A Russia-led proposal calling for sweeping new governmental powers to regulate cyberspace could enable countries to block Web content and wrest control of allotment of Internet addresses from a U.S.-based body.
The proposal, co-signed by China, Saudi Arabia, Algeria, Sudan and the United Arab Emirates, added to fears in some Western countries of a stalemate midway through a 12-day conference in Dubai to rewrite a long-standing treaty on international communications.
Russia and its supporters, which include many African and Arab states, seek to formally extend the purview of the International Telecommunication Union to govern many aspects of the Internet.
The United States, Europe and other allies, including Japan, insist that the treaty should continue to apply only to traditional telecommunications, such as international landline and wireless calls.
Countries can opt out of parts of the revised treaty when it emerges or refuse to sign it altogether.
"If we have no agreement, it will create political tension around the Internet," said Markus Kummer, vice president for public policy at industry think tank The Internet Society.
A leaked draft of the Russia-led proposals would give countries "equal rights to manage the Internet including in regard to the allotment, assignment and reclamation of Internet numbering."
This could allow governments to render websites within their borders inaccessible, even via proxy servers or other countries. It also could allow for multinational pacts in which countries could terminate access to websites at one another's request.
Such moves would undermine ICANN, a self-governing nonprofit organization under contract with the U.S. Department of Commerce, which is ultimately responsible for making sure that people trying to reach a given website actually get there.
"The reason some countries want to create national control over addresses is so they can have another point of control," said Rod Beckstrom, until recently chief executive of ICANN, which runs the addressing system now.
Decentralizing the process could prove chaotic if many countries demand that companies use only their national system, he said.
Beyond Web locations and addresses, the Russia-led coalition's document says ITU member states should be able to control other elements of the Internet's infrastructure within their borders, as Russia has sought for months.
The revision would give countries the explicit right to "implement policy" on Internet governance and "regulate the national Internet segment," the draft says.
"If you throw in addressing and naming, that puts the entire ecosystem in play, which is what the U.S. and EU said they would never agree to," said a Western participant at the conference who asked not to be named to maintain his ability to negotiate.
"You're almost guaranteeing lock-up in certain areas that might prevent the other areas from easily going forward," he said.
The coalition wants the new treaty to include measures to combat spam e-mail, but its definition of spam is so broad that it could be applied to almost any e-mailed message.
That would provide a pretext for authoritarian regimes to suppress opponents, critics warn, while also doing little to solve what is a technical problem.
Egypt was named as a co-author of the Russia-led submission, but on Sunday, it disavowed the document. That may be a sign of cracks emerging in the loose anti-U.S. coalition.

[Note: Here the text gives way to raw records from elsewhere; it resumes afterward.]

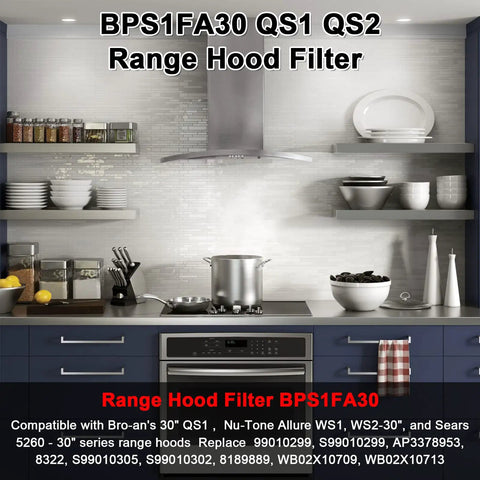 Modern kitchen showcasing range hood with BPS1FA30 aluminum mesh grease filter installed.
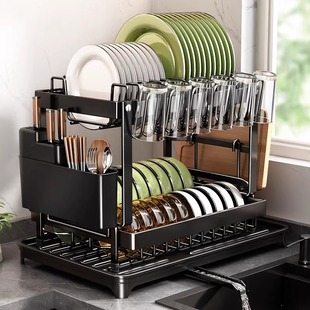 厨房置物架碗碟碗盘收纳盒沥水架家用多功能放碗盘碗筷水杯收纳架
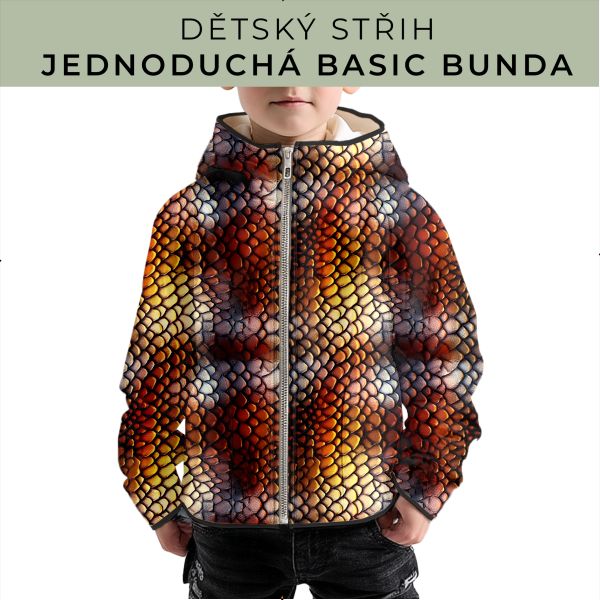 Dětský střih - jednoduchá dětská BASIC  bunda
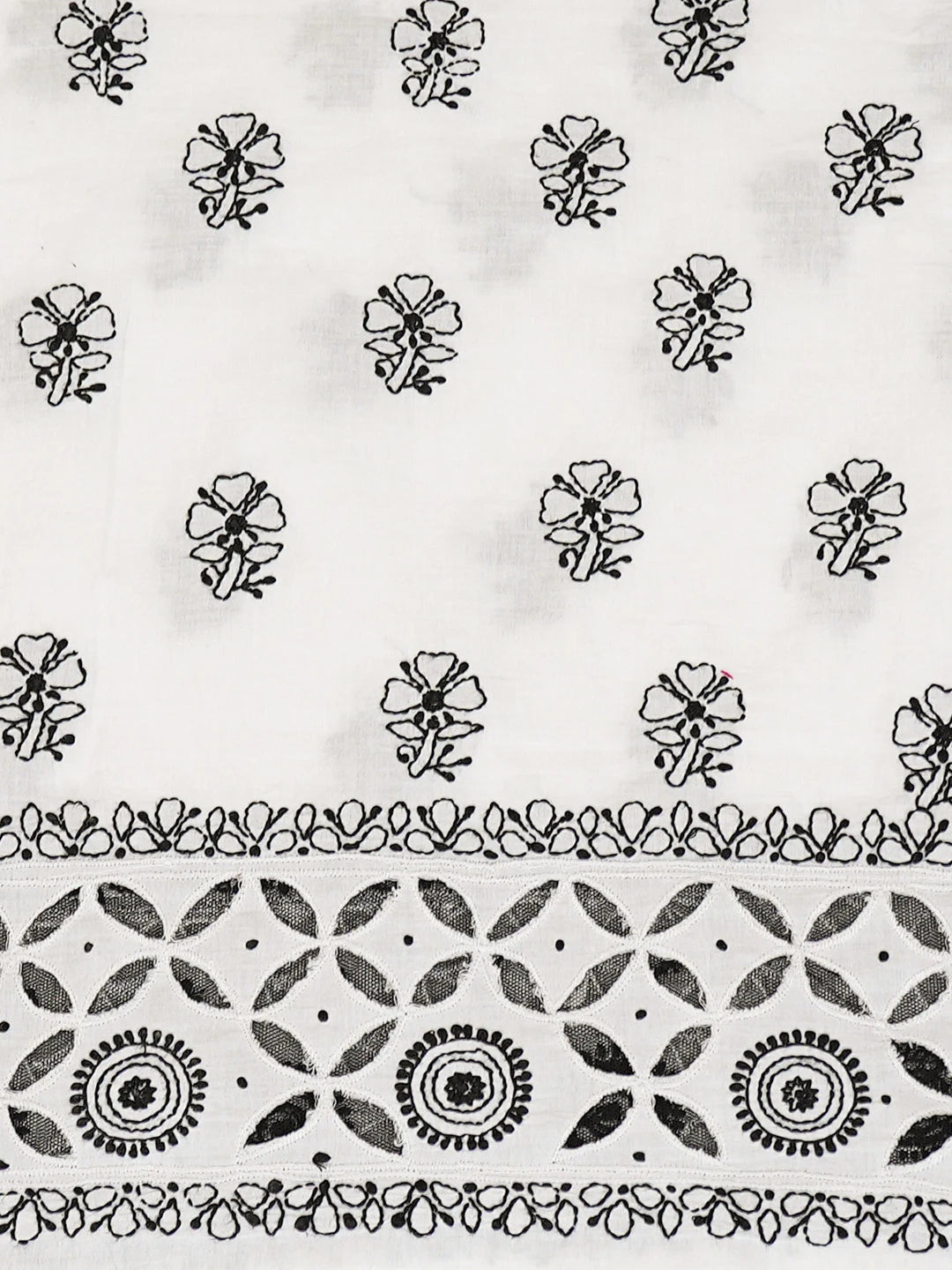 Ada Hand Embroidered White Cotton Lucknowi Chikankari Unstitched Suit Piece 01A735879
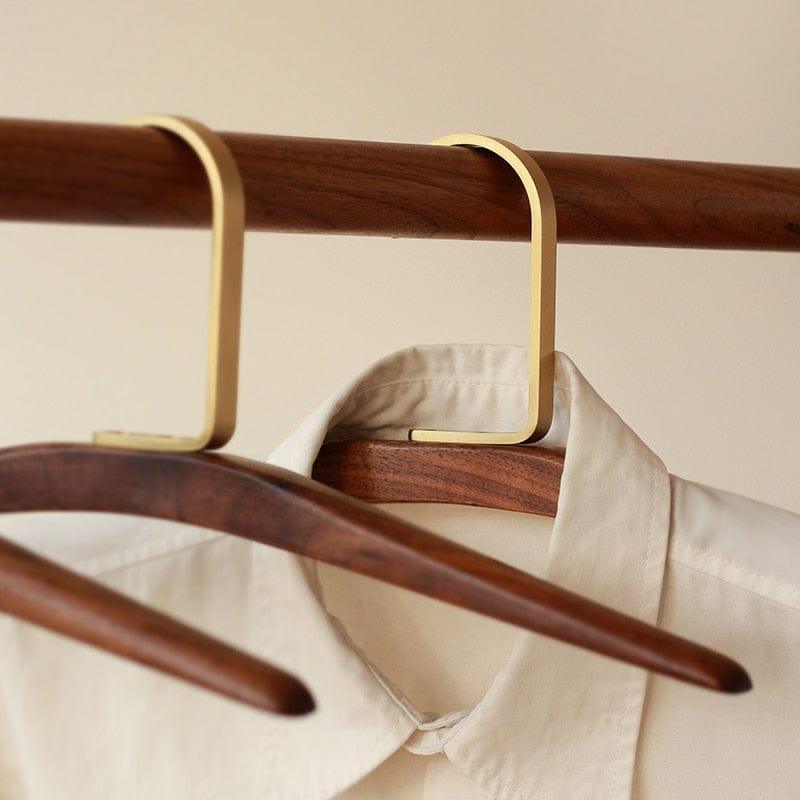 Shop 0 1PC High-grade Hanger Hook Black Walnut Solid Wood Brass Clothes Support Light Luxury Home Bedroom Seamless Non-slip Adult Mademoiselle Home Decor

"Our name was associated to this proposal by mere misunderstanding," Nashwa Gad, a department manager at Egypt's Ministry of Communications and Information Technology, said in an e-mailed statement. "Egypt has always been supporting the basic Internet principles that ... the Internet should remain free, open, liberal. We do not see that the ITU mandate deals with the Internet."
The United States made a counterproposal, co-signed by Canada, that says increasing the treaty's scope could provide a platform for governments to stifle free speech, reduce online anonymity and censor Internet content.
But Russia and its supporters argue that they need new powers to be able to fight cybercrime and protect networks.
After six days of largely private talks, very little seems to have been settled. The main plenary committee meeting starts Monday, and the committee will reconsider the U.S.-Canada proposal, among others.